本校の職員は、その準備や授業の実施に多くの時間を費やしながらも、少しずつ授業を軌道に乗せ、少しずつ良い授業にしていきました。新学習指導要領では「対話的な学習」を進めるように、との内容がありますが、オンラインにおいても双方向性のある授業を目指し、Gクラスルームの機能を活用してグループ学習も取り入れました。オンライン授業としては次第に質の高い授業ができてきたと思っています。
-先日、卒業式を行ったそうですね。こちらはインパーソンで開催されたのですか。
そうですね、今年度は実に3年ぶりに対面での卒業式を実施することができました。昨年度は全てがオンラインでしたので、卒業式もオンライン開催となり、一昨年度は前任の校長先生の時でしたが、いきなりパンデミックとなってしまいましたので実施することができませんでした。
今年度はCOVID-19の様々な規制がある中での実施となりましたが、やはり対面で式ができたということに非常に意味合いがあり、子供達の思い出に残る良い式が出来たのではと思っております。
-今後の目標についてお聞かせ下さい。
私は来年度、トロント補習授業校での3年目を迎えます。2年間の多くをオンライン授業の向上に向けて取り組んできました。来年度はこの2年間の成果と課題を活かし、ポストコロナの時代の新たな補習授業校作りに取り組みたいと思います。トロントにおけるCovid-19の状況も見極めながら、子どもたちにできる限りのことをしていきたいと思っています。
-ここから川村校長先生ご自身についてお伺いいたします。ご出身とご経歴についてお聞かせ下さい。

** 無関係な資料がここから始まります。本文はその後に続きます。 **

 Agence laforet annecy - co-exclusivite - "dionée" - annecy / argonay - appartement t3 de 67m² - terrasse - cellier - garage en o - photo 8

三重県伊勢市の出身です。三重県内の公立中学校で勤務し、30歳の時に海外日本人学校に応募しました。エジプト・カイロ日本人学校に派遣され、小学部5年生、6年生の担任をしました。校舎の屋上からギザの三大ピラミッドが見える学校で3年間の教員生活を送りました。私の派遣1年目に「湾岸戦争」が始まり、バグダッドに多国籍軍の爆撃が開始された日、緊急連絡で「臨時休校」になったことを今でもよく覚えています。学校が再開されてからは、スクールバスから日本人学校の文字を消し、バスに爆弾が仕掛けられていないか確認してバス添乗をしていたことを思い出します。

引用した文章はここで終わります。